I kinda want to call this The The Covenant Covenant, since it seems like half the soldiers in this action-thriller, have doubled-up on their own nicknames. There’s JJ, Chow Chow and Jack Jack, who are driving around Afghanistan post 9/11, under Master Sergeant John John Kinley Kinley (Gyllenhall) – ok, I might have made that bit up. They’re looking for Taliban weapons caches and IED factories. Oddly, the film feels the need to remind us what IED stands for; I’d presume anyone deciding to watch a film about soldiers in the Middle East would know this. Still, never under-estimate the stupidity of the average movie-goer.
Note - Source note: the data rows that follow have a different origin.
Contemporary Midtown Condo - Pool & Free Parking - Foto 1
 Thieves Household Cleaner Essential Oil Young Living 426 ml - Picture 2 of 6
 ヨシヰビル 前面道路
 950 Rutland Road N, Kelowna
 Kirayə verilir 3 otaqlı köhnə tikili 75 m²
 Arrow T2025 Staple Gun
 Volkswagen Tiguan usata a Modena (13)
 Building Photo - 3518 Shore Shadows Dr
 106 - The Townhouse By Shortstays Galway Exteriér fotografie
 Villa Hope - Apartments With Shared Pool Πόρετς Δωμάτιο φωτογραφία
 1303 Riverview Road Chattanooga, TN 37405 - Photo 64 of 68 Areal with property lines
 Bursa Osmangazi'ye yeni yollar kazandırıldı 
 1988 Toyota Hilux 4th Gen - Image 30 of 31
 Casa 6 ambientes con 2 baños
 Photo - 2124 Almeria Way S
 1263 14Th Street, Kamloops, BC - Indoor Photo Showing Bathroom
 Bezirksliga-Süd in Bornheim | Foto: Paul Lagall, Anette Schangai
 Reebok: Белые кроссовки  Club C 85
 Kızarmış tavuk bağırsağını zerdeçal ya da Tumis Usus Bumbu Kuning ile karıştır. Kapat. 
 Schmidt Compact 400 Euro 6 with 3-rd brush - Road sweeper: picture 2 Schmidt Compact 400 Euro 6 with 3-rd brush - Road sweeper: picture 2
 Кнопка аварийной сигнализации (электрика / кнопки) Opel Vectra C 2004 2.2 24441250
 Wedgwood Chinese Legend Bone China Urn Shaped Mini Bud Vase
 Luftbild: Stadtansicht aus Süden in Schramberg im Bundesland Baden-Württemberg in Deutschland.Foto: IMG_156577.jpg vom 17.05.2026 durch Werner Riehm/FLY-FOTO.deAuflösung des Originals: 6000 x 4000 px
I, on the other hand, have faith that readers here need no explanation. Alternatively, Google it.

Anyway, the squad loses their interpreter in a “workplace accident”, shall we say, and the replacement is Ahmed (Salim). He is good at detecting when the Americans are being lied to, and it turns out, Ahmed also has a very personal reason for helping the occupying forces. On a mission deep into hostile territory, the convoy is ambushed while searching a disused mining facility, with only John and Ahmed surviving. They try to make their way to base, and John is injured, leaving Ahmed to, sometimes literally, carry his commanding officer back. John gets repatriated, but the army’s process of awarding visas to interpreters like Ahmed and their families runs perilously slow, leaving them exposed to Taliban retribution. So he goes back in, less officially, to find Ahmed and bring him out.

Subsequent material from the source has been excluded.